3年前、末期がんで余命半年の宣告を受けた俳優の斎藤歩さん。その後も舞台に立ちたいと活動を続けてきた斎藤さんが12月、2024年最後の舞台に臨みました。北海道の演劇界をけん引してきた演劇人の思いに迫ります。

 11月29日、稽古場に現れた斎藤歩さん。

 十勝の幕別町で2日後に迫った芝居の稽古のためですが、この日は開始時間に10分ほど遅れました。

 「1人で着替えられなくて時間食っちゃって」(斎藤歩さん)

 「けがしているじゃん」(人形劇師 沢則行さん)

 抗がん剤治療の副作用で転ぶことが増えました。

 「ご存じのように末期がんと言われてまして、余命半年」(斎藤さん、2月)

 3年前、尿管にがんが見つかりました。斎藤さんは自らがんであることを公表。その後、治療しながら芝居の出演も続け、チケットはいつも完売です。

 「演劇初心者なんで、せっかくなら見て学びたいなと思って来ました」(劇を見に来た高校生)

 7月に入院した斎藤さん。しかし、退院後への思いを口にしていました。

 「骨の方にがん細胞が出てきたような状況で。仕事お忙しい?」(医師)

 「11月中旬までなんですよね、次の公演が。もうひとつあるんです」(斎藤さん)

 「まだ、あるんですか?」(医師)

 「12月1日という公演もある」(斎藤さん)

 2024年最後の公演は、十勝の幕別町での芝居。チェコを中心に活動する人形劇師の沢則行さんとの芝居です。

 稽古では時々、せりふが出てきません。本番は2日後に迫っています。

 「こんなことやっているとどうしても痛くなってきて、抑えるとすると頓服というモルヒネをもらっていて、飲めば痛みは感じなくなる。その代わり、たぶん芝居はできない」(斎藤歩さん)

 痛みをこらえながら芝居をする斎藤さん。クライマックスの空飛ぶトナカイのシーンを繰り返し確認しました。11月30日には幕別町に移動です。

 がんで余命半年の宣告を受けながらも舞台に立ち続ける斎藤歩さん。
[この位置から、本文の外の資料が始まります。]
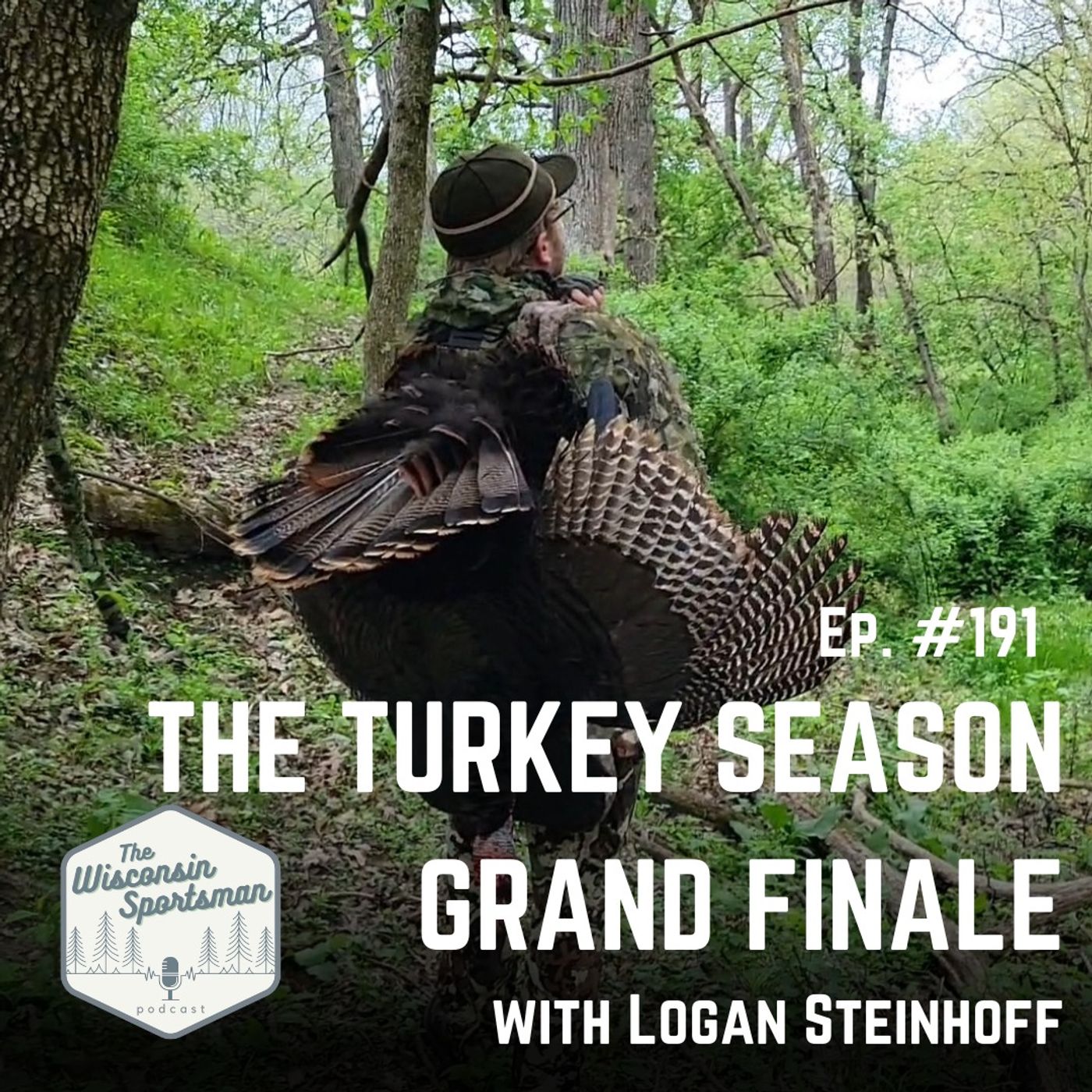 The Turkey Season Grand Finale with Logan Steinhoff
2024年最後の公演は北海道・十勝の幕別町です。

 芝居は斎藤さんが脚本を書いた「カフカ経由シスカ行き」。

 稚内市抜海の海辺が舞台で、礼文島のカフカに残るアイヌ民族の物語やサハリンの敷香の伝説を語りながら、戦争が続く現在を批判するストーリーです。

 「世界が右へ右へと傾き始めている。俺たちオヤジは左へステップを踏もうではないか」(舞台のようす)

 「おもしろかった」

 「いたるところで笑いが出て面白かった」(いずれも観客)

 「(Q:今進めている仕事は?)ないです。頼まれている仕事はあるんですが、筋肉をすごく使って声を維持しなければいけないので、この状態では自信がないから引き受けられないかなときょうは思っている」(斎藤さん)

 オファーはあるものの、これでいったん舞台に立つのは一区切り。しかし12月21日、札幌市で開かれた子どもたちによる人形劇に顔を出しました。手がけた脚本の出来栄えを気にしていたからです。

 芝居が終わり、子どもたちからサプライズが。

 「ハッピーバースデートゥユー」

 実は公演の前日、還暦を迎えていました。1日遅れの誕生日祝いです。

 40年にわたり北海道の演劇発展のために奔走してきた斎藤さん。11月、北海道新聞文化賞を受賞しました。

 「僕がこの1~2年公演に出演すると客がわんさか入るんですよ。閉店セールなんですかね。いまの免疫療法がきいて転移したものが劇的に減ったりすると、来年も閉店セールをやっているかもしれません。その時は劇場でお待ちしていますので、みなさんまた、お会いしましょう」(斎藤歩さん)

 がん治療と演劇と常に向き合ってきた斎藤さん。希代の演劇人は再び舞台に立つ日を目指し歩み続けます。